▶ AIM OF THE TASK: Copy every line that holds the string "isolated" from the data below.

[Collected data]
*** Begin section ***

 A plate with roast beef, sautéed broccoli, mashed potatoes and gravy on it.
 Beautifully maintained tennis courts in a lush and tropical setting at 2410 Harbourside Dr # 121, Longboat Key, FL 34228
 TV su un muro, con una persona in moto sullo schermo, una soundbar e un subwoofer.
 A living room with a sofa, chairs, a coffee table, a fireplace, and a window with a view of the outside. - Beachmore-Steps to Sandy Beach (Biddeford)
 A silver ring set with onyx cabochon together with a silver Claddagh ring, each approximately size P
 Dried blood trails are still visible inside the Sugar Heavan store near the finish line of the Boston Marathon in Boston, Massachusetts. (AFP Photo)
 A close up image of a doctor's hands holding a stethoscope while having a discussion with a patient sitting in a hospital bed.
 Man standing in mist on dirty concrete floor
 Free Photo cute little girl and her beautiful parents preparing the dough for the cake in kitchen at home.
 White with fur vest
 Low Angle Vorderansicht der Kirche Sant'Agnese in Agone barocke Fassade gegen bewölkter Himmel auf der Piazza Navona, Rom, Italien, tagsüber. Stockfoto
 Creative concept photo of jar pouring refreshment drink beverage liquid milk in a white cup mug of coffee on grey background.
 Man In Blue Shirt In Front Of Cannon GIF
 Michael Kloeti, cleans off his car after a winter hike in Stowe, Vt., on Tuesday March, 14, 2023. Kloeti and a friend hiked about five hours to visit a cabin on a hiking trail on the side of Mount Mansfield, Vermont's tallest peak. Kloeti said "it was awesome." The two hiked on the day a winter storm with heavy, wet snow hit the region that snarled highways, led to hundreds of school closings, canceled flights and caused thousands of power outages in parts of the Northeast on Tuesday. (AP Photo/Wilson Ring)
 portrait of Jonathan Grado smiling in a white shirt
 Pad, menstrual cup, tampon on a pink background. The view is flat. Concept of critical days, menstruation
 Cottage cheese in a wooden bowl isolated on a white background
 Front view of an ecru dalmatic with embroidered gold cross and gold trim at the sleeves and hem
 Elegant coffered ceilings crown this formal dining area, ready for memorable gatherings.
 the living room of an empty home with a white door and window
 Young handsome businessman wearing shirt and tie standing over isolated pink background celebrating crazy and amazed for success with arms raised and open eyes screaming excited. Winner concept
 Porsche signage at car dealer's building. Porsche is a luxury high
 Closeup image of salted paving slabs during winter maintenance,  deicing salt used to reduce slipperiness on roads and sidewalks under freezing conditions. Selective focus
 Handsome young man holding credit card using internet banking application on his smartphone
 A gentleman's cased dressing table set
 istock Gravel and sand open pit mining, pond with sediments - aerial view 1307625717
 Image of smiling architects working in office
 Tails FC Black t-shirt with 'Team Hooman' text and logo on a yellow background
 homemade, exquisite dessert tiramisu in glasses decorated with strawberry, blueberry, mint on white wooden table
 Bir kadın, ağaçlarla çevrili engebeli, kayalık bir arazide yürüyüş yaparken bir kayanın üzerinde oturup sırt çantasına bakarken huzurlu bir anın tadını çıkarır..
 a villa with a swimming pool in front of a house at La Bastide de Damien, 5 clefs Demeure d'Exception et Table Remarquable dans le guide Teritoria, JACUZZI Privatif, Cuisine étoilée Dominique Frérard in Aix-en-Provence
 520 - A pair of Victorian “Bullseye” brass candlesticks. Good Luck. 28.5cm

*** End section ***

▶ YOUR RESPONSE:
 Cottage cheese in a wooden bowl isolated on a white background
 Young handsome businessman wearing shirt and tie standing over isolated pink background celebrating crazy and amazed for success with arms raised and open eyes screaming excited. Winner concept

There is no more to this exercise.